O MPF argumentou, em seu pedido, que não teria ocorrido anistia, nem tampouco prescrição dos alegados crimes, por três motivos: 1) eles teriam sido praticados em contexto de um ataque sistemático e generalizado contra a população civil brasileira por meio da violência; 2) constituíram em graves violações aos direitos humanos, os quais excluem a validade de interpretações que assegurem a impunidade de tais violações; 3) foram crimes de lesa-humanidade ou a eles conexos (no caso de prevaricação), motivo pelo qual não estariam protegidos por regras domésticas de anistia e prescrição.

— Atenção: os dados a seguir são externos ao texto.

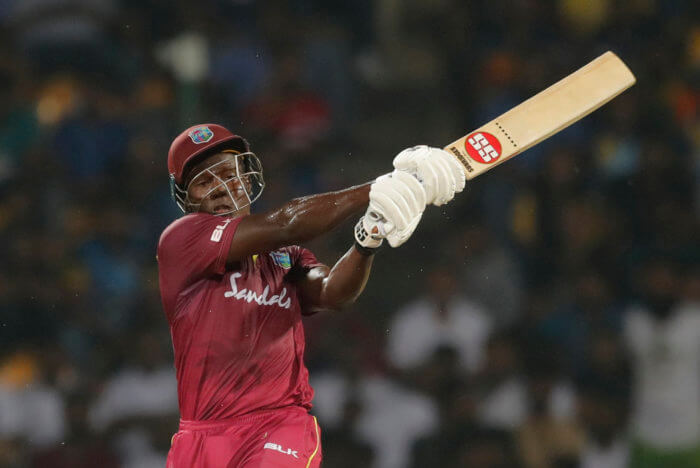 West Indies' batsman Rovman Powell plays a shot during their second Twenty20 cricket match with Sri Lanka in Pallekele, Sri Lanka, Friday, March 6, 2020.
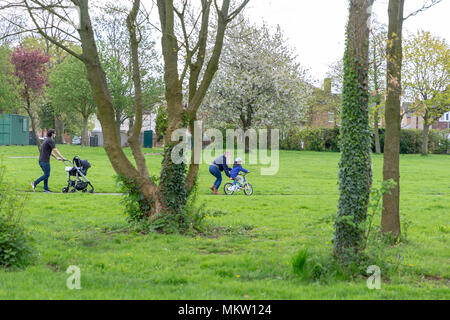 Father pushes a baby in its pram while mother helps their son on a bicycle in Bruche Park, Warrington, Cheshire, England on 29 April 2018 Stock Photo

“Não se pode dizer que a repressão a opositores do regime de exceção, por mais dura que tenha sido, tenha se estendido à grande massa da população brasileira. O argumento peca pelo caráter hiperbólico e não é suficiente para os fins pretendidos. Igualmente não procede o argumento ministerial sobre a influência do direito internacional na ordem jurídica interna, com vistas a caracterizar os fatos narrados na denúncia como crimes de lesa-humanidade e, por isso, imprescritíveis ou insuscetíveis de anistia”, afirma Andreia Moruzzi. Além disso, “descabe cogitar a aplicação retroativa das disposições e diretivas de direito internacional que pretendam invalidar, direta ou indiretamente, a aplicação da Lei 6.683/79. Defender tal entendimento contraria, sim, o dispositivo de decisão do Supremo Tribunal Federal”.

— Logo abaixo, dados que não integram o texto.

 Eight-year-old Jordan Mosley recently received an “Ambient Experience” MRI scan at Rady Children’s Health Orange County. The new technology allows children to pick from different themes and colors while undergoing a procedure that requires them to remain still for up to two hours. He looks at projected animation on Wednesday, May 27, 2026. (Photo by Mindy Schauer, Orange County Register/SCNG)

A juíza finaliza dizendo ser louvável o empenho do órgão ministerial nas suas ponderações, mas conclui que não há amparo legal ao prosseguimento da ação penal. “A anistia é uma das formas de extinção da punibilidade que se caracteriza pelo esquecimento jurídico do ilícito, concedida pelo Congresso Nacional, por meio de lei, não suscetível de revogação, e que possui como decorrência a extinção de todos os efeitos penais dos fatos, remanescendo apenas eventuais obrigações de natureza cível”.

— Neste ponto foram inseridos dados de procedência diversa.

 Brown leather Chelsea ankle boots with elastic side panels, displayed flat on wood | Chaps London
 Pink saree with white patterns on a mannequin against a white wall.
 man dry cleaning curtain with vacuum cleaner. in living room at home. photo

Conforme consta na denúncia, Elson Costa militava no PCB e, em decorrência de sua relevante atuação no partido, passou a ser monitorado pelos agentes da repressão. Foi visto pela última vez em 15/1/1975, quando foi abordado e preso por cerca de cinco agentes a mando do denunciado A.S.M. Acabou levado ao centro clandestino do DOI-CODI, em Itapevi/SP, onde foi torturado e morto. (RAN)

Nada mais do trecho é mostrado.